# [Task details]
Your answer must be the exact lines below, starting with the line with "Macaco-prego" and going on through the line with "45 Funny Cat", both included, with no pictures.

# [Excerpted data]
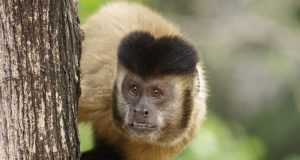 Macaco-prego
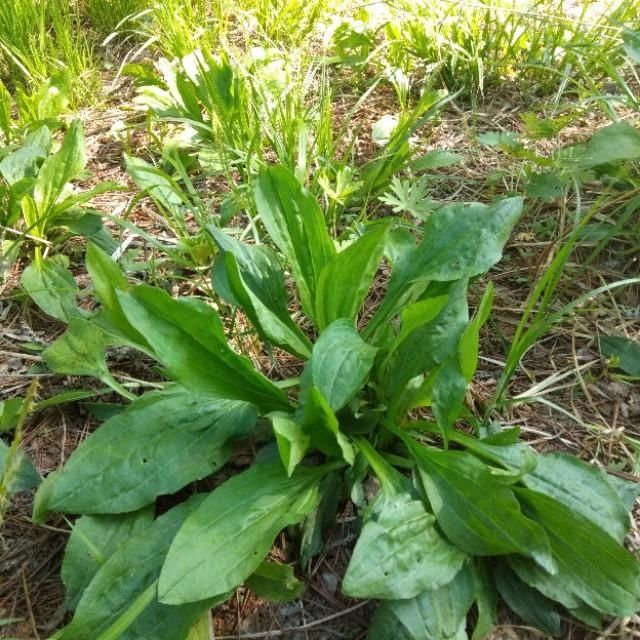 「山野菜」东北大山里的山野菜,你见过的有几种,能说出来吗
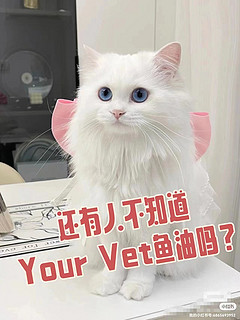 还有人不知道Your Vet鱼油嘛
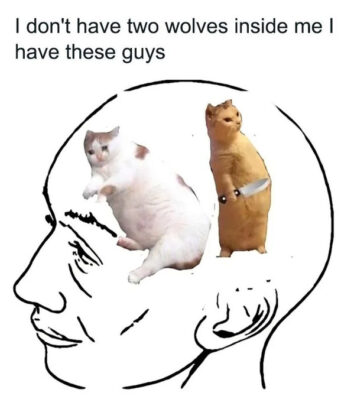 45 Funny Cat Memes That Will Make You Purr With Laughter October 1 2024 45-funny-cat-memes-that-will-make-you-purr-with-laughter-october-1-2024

==

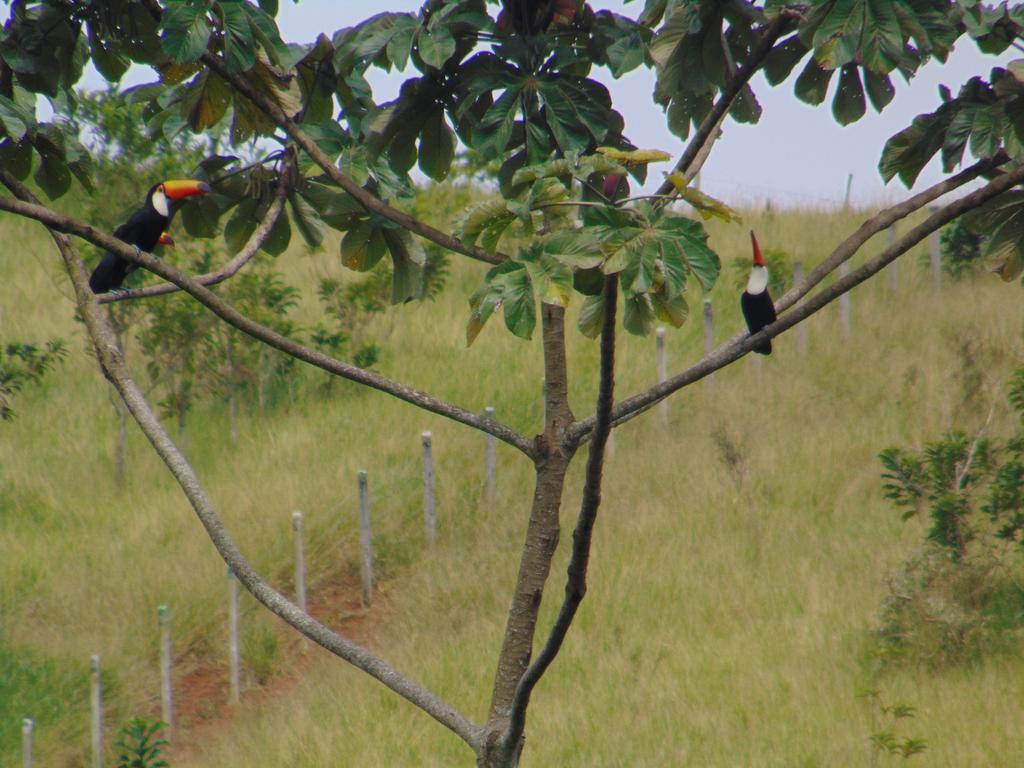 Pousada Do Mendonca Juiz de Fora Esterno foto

# [Problem solution]
 Macaco-prego
 「山野菜」东北大山里的山野菜,你见过的有几种,能说出来吗
 还有人不知道Your Vet鱼油嘛
 45 Funny Cat Memes That Will Make You Purr With Laughter October 1 2024 45-funny-cat-memes-that-will-make-you-purr-with-laughter-october-1-2024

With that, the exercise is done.